Sunday, March 11, 2018

Hughes's "Fair Shot": What a UBI looks like when a Liberal looks at a UBI



I’m skeptical about Hughes writing for a guaranteed income. 

Mainly it was because he’s been so lucky. Though he fought up from class position, he did end up as a white kid at Harvard. Then he became even luckier by having Mark Zuckerberg as a roommate. That’s given him millions of dollars to play with. First, he bought a magazine then he’s been doing this advocacy work.

The book is short and functions as a bit of biography and a bit of a policy proposal. The meat is the proposal, and as meat, it’s kind of gristly. His proposal is for a $500 monthly disbursement for everyone making less than $50K a year. It’s small, but even then, he wants a slow roll out. Significantly, it is tied to work – very broadly drawn.

For me, if we as a society are going to move towards a UBI, this kind of thing is the last sort of proposal we need. I complained to my friends as I was reading it that Hughes had reinvented the EITC. I was a little shocked when I was reading later that this is the model he has in mind.

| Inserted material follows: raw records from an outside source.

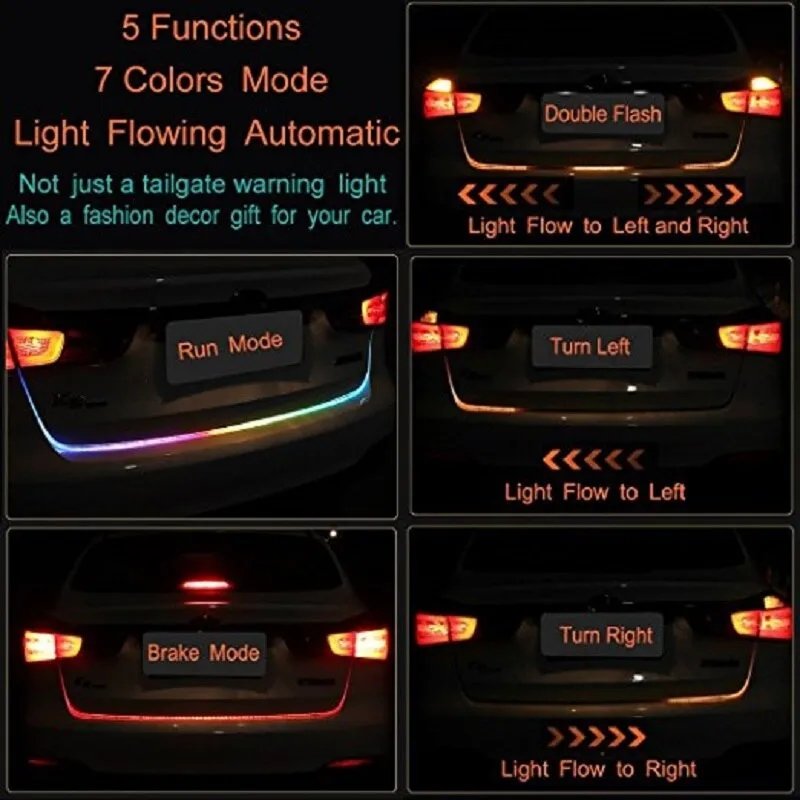 The Tail Box lamp | Tail Box lamp, car running light, led light - Image 9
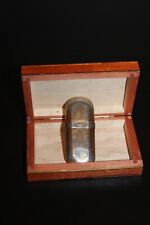 Accendino brass vintage usato  Pomigliano d'Arco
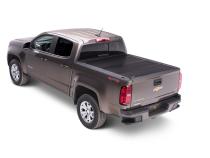 BAKFlip G2 Hard Folding Truck Bed Cover Rails Mounted Low Enough To Use Standard C Clamps 2004-2012 Colorado/Canyon 5 Foot Bed BAK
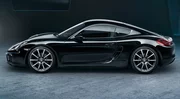 Prix Porsche Cayman Black Edition 2015 : 6000 euros de cadeaux !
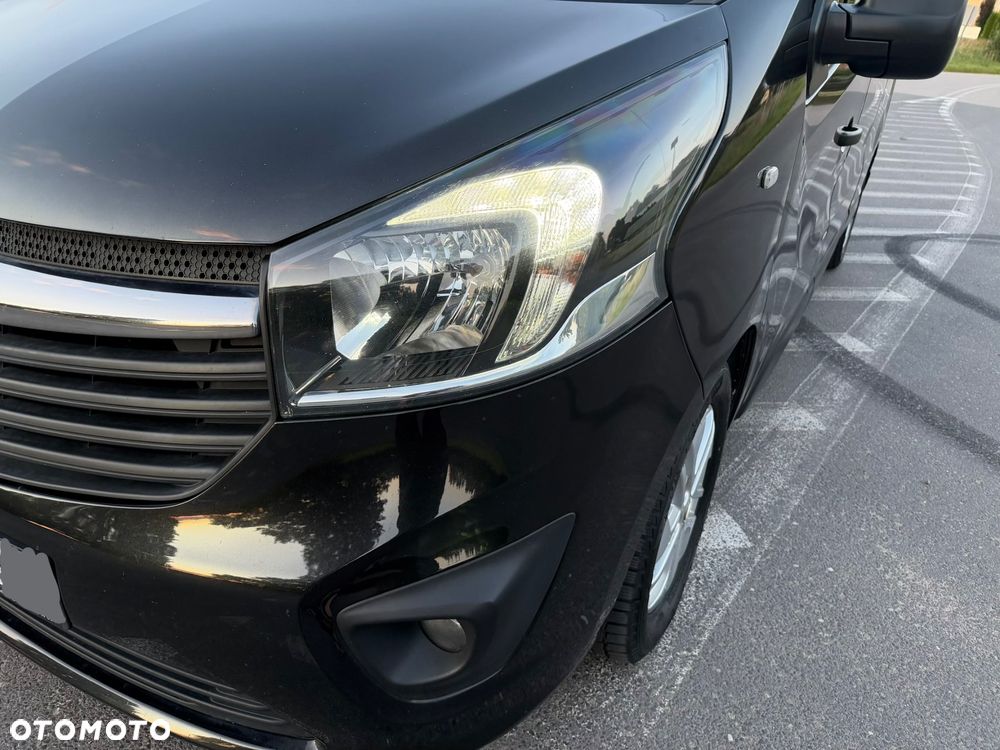 Opel Vivaro - 26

The only real difference is that he wants payouts monthly instead of yearly.

I’m personally on the edge about what a UBI might mean socially. However, the way Hughes draws it creates all the problems of administering another social program. It is not basic, nor universal. My concern when reading was that the 50K level is a huge drop-off. You make 49.5 and you get the payment, but one dollar over gets nothing (this is addressed many pages after the basic proposal is laid out, in one line). He also wants to have an adjustment based on cost of living.
So, his proposal is for a new program of a smaller sum (not to downplay how much an extra 500 bucks a month would play in my life) targeted towards the poor with a huge bureaucratic element thrown in. I’m really not sure how Hughes sees this being implemented, but in a political environment where even broader-based government programs are under attack, I can’t see this having a chance of being implemented.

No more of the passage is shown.